The plan is to apply physical AI not only to advanced transportation services such as Autonomous Driving, traffic control, and robot parking, but also to infrastructure construction and overall city operations, including the nation's first underground logistics delivery system and city-level energy management.

In addition, the city will expand the introduction of physical AI to areas closely tied to citizens' lives, such as transportation, care, and safety, so people can feel innovation and change in their daily routines. The goal is to realize a city where technology becomes welfare.

A view of the Robot Plus test field. /Courtesy of Seoul Metropolitan Government

In Oct. this year, the nation's first and the world's third "Level 4 unmanned robotaxi" will begin operating in the city center. The early-morning companion autonomous bus service, currently on one route from Dobong to Yeongdeungpo (A160), will expand to four routes (five vehicles) including Geumcheon to Sejong-ro, Sanggye to Express Bus Terminal, and Eunpyeong to Yangjae. A driverless autonomous shuttle bus (two vehicles) on Cheonggyecheon and autonomous village buses (six vehicles) will also run, bringing the total number of autonomous buses operating across Seoul this year to 18.

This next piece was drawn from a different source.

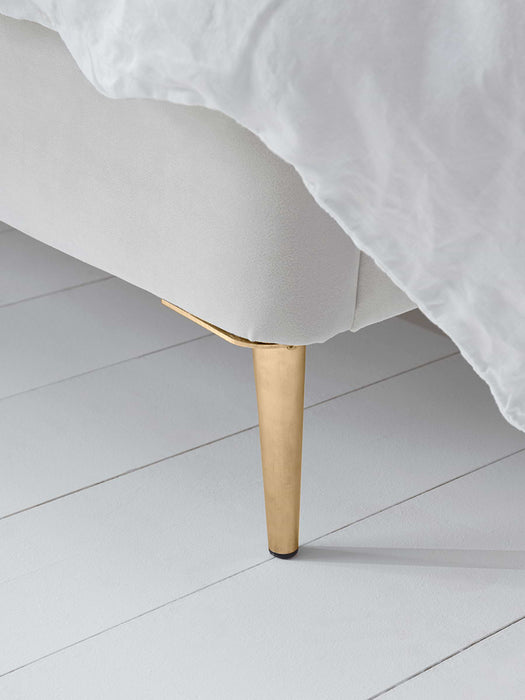 Fluted Velvet Kingsize Bed - Soft Grey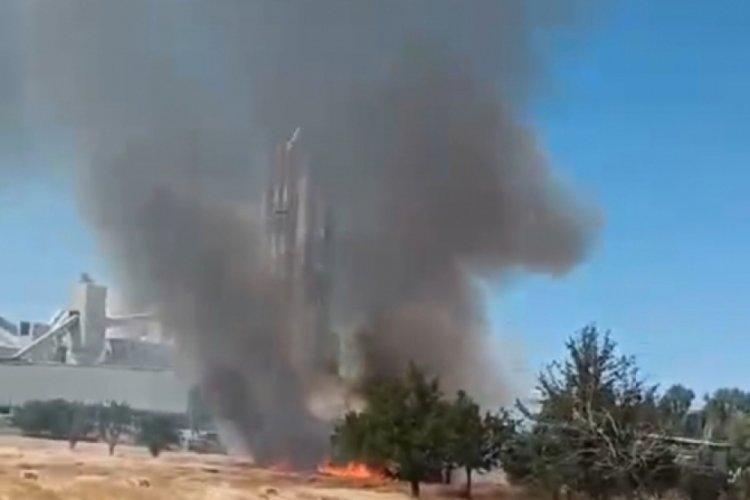 Ankara'da fabrikada &ccedil;ıkan yangın araziye sı&ccedil;radı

Physical AI will also fill gaps in care services. The city will expand the distribution of robots that assist rehabilitation and walking, as well as wearable robots that support muscle strength. It will also introduce AI fire patrol robots and safety inspection drones to expand safety infrastructure based on physical AI.

In addition, by 2030, the city plans to invest 120 billion won to make the urban infrastructure management system, including firefighting and disaster response, more intelligent.

Mayor Oh Se-hoon said, "Technology must ultimately serve people, and the 'physical AI leading city' that Seoul envisions is a city that creates the warmest change with the coldest technology," adding, "Seoul is ready to embark on a great journey to become the global center and standard for physical AI."